【201422090】帮助未成年人盗窃并收购所盗窃财物的定性
文/蔡智玉
【案情】
河南省罗山县城关镇居民戚某某(未成年人)曾与其同学吴某某一起到过位于罗山县新区××花园小区27号楼二单元102房的吴某某家,知道该房近期无人居住。2012年6月份一天上午,戚某某到其同学吴某某的奶奶家玩耍时,趁吴某某不备,将吴某某在××花园小区住房的钥匙偷走。

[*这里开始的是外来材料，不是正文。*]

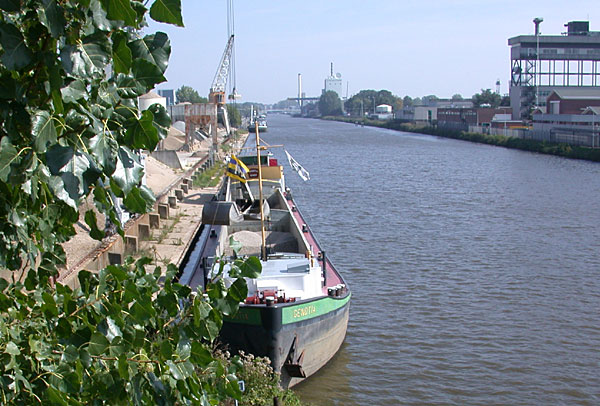 Twentekanaal bij Hengelo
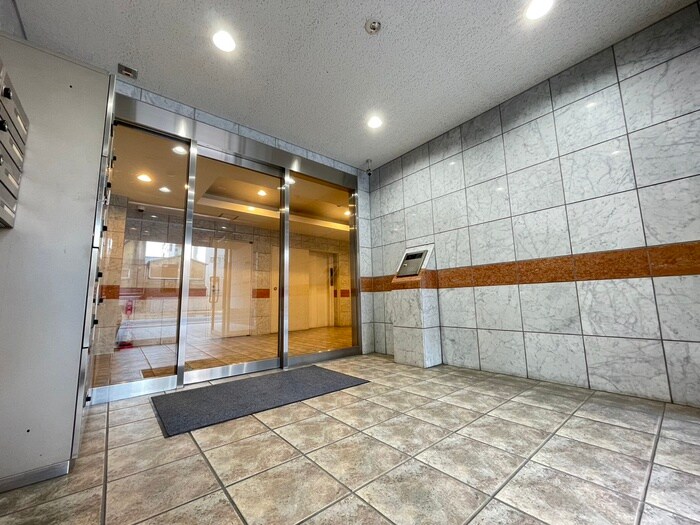 物件外観写真2　(エントランス部分)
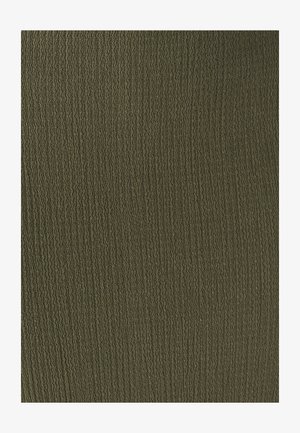 Tejido texturizado en verde oliva, con un patrón de olas en repetición, que presenta una textura suave y ligeramente elevada. Acabado liso en general.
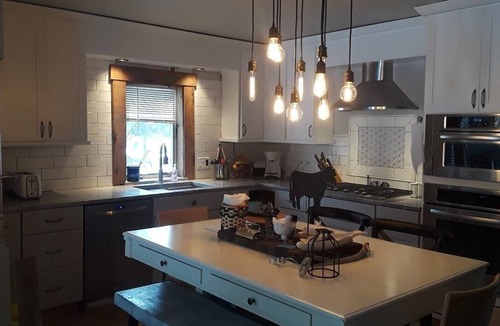 Port Austin Bed & Breakfast | Cozy nest upper studio bed & breakfast near the beach; sleeps 4.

当日下午,戚某某找到在罗山县城关镇梅湾路口北小桥附近收购废品的被告人熊海涛,谎称家中有电脑要处理,带熊海涛到××花园小区27号楼二单元102房。熊海涛将该房间内一台“联想”牌电脑拆卸后拉走,付给戚某某100元。之后数日内,戚某某两次找到熊海涛,谎称家中有电器要处理,熊海涛先后两次与戚某某一起到上述住房,将房屋中正在使用的“海尔”牌空调、电冰箱、洗衣机、“海信”牌电视机及“荣事达”牌豆浆机(经鉴定价值总计13595元)拆卸后拉回自己家中,付给戚某某360元。案发后,上述物品被追回并退还给被害人。
【评析】
本案的主要争议焦点是如何认定被告人熊海涛行为的性质,即构成民事上的不当得利?盗窃罪?还是掩饰、隐瞒犯罪所得罪?

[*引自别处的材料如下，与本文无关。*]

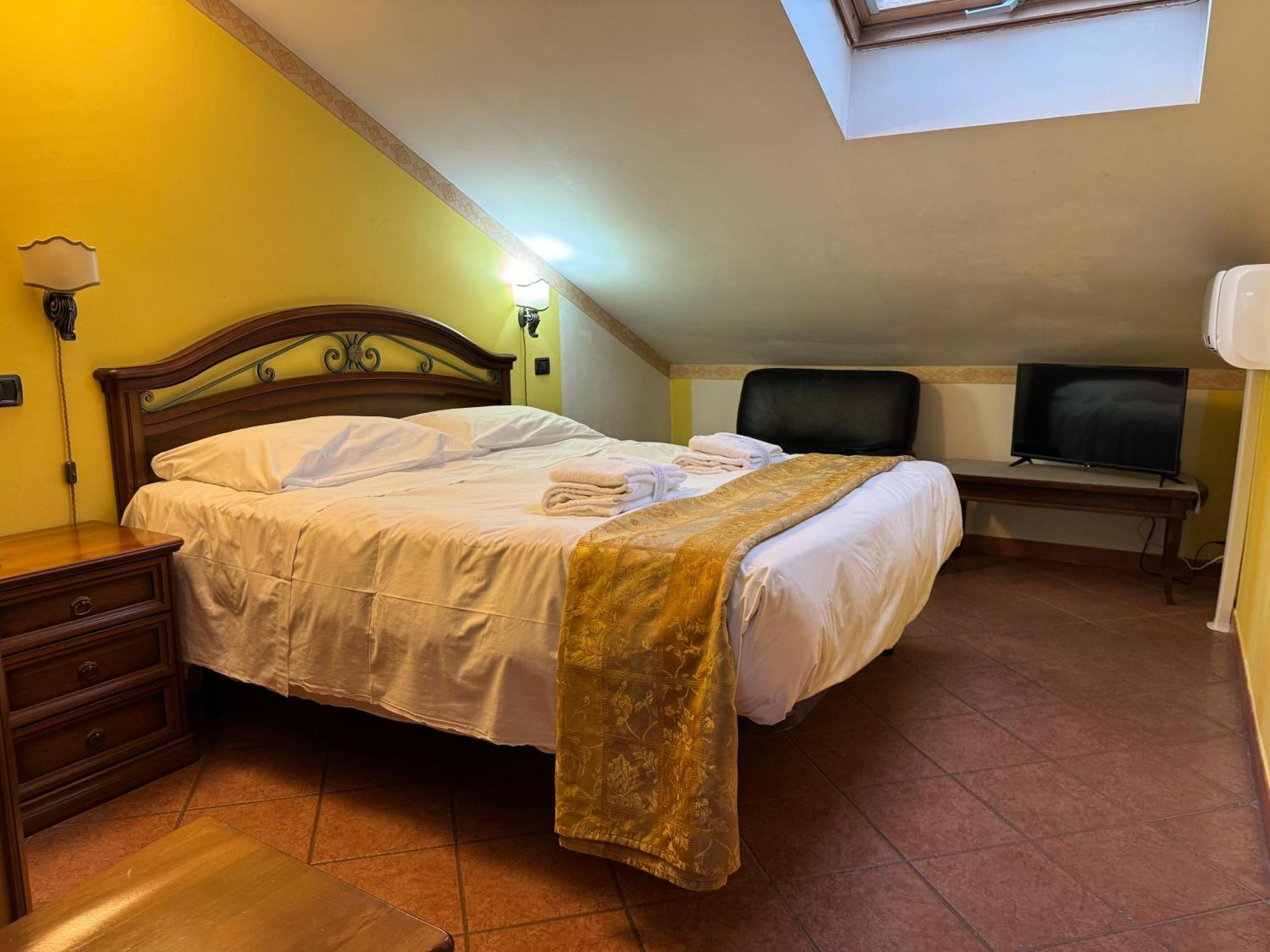Euro House Inn Airport Фьюмичино Экстерьер фото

第一种观点认为从戚某某持有房屋钥匙并在小区门卫处登记签字等情况看,熊海涛主观上并不知道戚某某是在盗窃他人财物,其以低价收购未成年人出售的自家财物,属于民事上的不当得利,不构成犯罪;第二种观点认为熊海涛与未成年人戚某某事先并无实施盗窃的犯意联络,在犯罪过程中也无通谋,即使其可能预见到戚某某是在盗卖家中财物,主观上仅是出于收购赃物的故意,属于明知是他人犯罪所得的赃物而予以收购,应构成掩饰、隐瞒犯罪所得罪;第三种观点认为从未成年人戚某某以明显低于市场的价格向其出售正在使用中的家电来看,熊海涛应当知道未成年人是在盗卖别人家或者自己家的财物,其仍帮助拆卸、转移并收购,应构成盗窃罪。笔者同意第三种意见。理由如下:
一、民事不当得利和财产犯罪之间是交叉关系而不是冲突关系,民事不当得利行为符合刑法关于财产犯罪的构成要件时,仍应评价为财产犯罪
不当得利是指没有合法根据,取得不当利益并造成他人损失的情形。行为人侵犯他人财产的事实往往同时属于民法上的不当得利,有观点就认为既然属于民法上的不当得利,就不能成立财产犯罪。笔者认为这种观点并不可取。
首先,任何故意侵犯他人财产的行为,不管其是否触犯刑法,都触犯了民法关于保护公私财产权的规定,但刑法仅将其中部分值得科处刑罚的侵犯财产的行为规定为财产犯罪,因此财产犯罪都具有违反民法和违反刑法的双重性质。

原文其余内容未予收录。